The following cell uses fields within df_marriage_poverty_acs5_data to calculate poverty rates for:

1. Married-couple households
2. Non-married-couple households
3. Households with 1+ kids below 18 headed by a married couple
4. Households with 1+ kids below 18 *not* headed by a married couple

In addition, it will also calculate differences in poverty rates between:
1. Non-married and married couple households
2. Non-married households with 1+ kids below 18 and married households with 1+ kids below 18

In [10]:
df_marriage_poverty_acs5_data['Non-married-couple households below \
poverty level'] = (df_marriage_poverty_acs5_data[
'Poverty Status in the Past 12 Months by Household Type by \
Age of Householder_Estimate!!Total:!!Income in the past 12 months \
below poverty level: (B17017_002E)'] 
- df_marriage_poverty_acs5_data['Poverty Status in the Past 12 Months \
by Household Type by Age of Householder_Estimate!!Total:!!Income \
in the past 12 months below poverty level:!!Family \
households:!!Married-couple family: (B17017_004E)'])

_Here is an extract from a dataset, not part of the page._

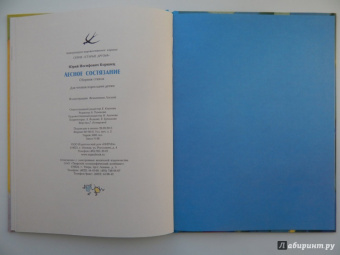 Юрий Коринец: Лесное состязание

df_marriage_poverty_acs5_data['Non-married-couple households at or above \
poverty level'] = (df_marriage_poverty_acs5_data[
'Poverty Status in the Past 12 Months by Household Type \
by Age of Householder_Estimate!!Total:!!Income in the past 12 months \
at or above poverty level: (B17017_031E)'
] 
- df_marriage_poverty_acs5_data['Poverty Status in the Past 12 Months \
by Household Type by Age of Householder_Estimate!!Total:!!Income in the \
past 12 months at or above poverty level:!!\
Family households:!!Married-couple family: (B17017_033E)'])

df_marriage_poverty_acs5_data['Non-married households with 1+ kids \
below poverty level'] = (df_marriage_poverty_acs5_data['Poverty Status \
in the Past 12 Months of Families by Family Type by Presence \
of Related Children Under 18 Years by Age of Related Children_Estimate!!\
Total:!!Income in the past 12 months below poverty level:!!Other \
family:!!Male householder, no spouse present:!!With related \
children of the householder under 18 years: (B17010_011E)'] 
+ df_marriage_poverty_acs5_data[
'Poverty Status in the Past 12 Months of Families by Family Type \
by Presence of Related Children Under 18 Years by Age of \
Related Children_Estimate!!Total:!!Income in the past 12 months \
below poverty level:!!Other family:!!Female householder, \
no spouse present:!!With related children \
of the householder under 18 years: (B17010_017E)'])

df_marriage_poverty_acs5_data['Non-married households with 1+ kids \
at or above poverty level'] = (df_marriage_poverty_acs5_data['Poverty \
Status in the Past 12 Months of Families by Family Type by Presence \
of Related Children Under 18 Years by Age of Related Children_Estimate!!\
Total:!!Income in the past 12 months at or above poverty level:!!Other \
family:!!Male householder, no spouse present:!!With related \
children of the householder under 18 years: (B17010_031E)'] 
+ df_marriage_poverty_acs5_data[
'Poverty Status in the Past 12 Months of Families by Family Type \
by Presence of Related Children Under 18 Years by Age of \
Related Children_Estimate!!Total:!!Income in the past 12 months \
at or above poverty level:!!Other family:!!Female householder, \
no spouse present:!!With related children \
of the householder under 18 years: (B17010_037E)'])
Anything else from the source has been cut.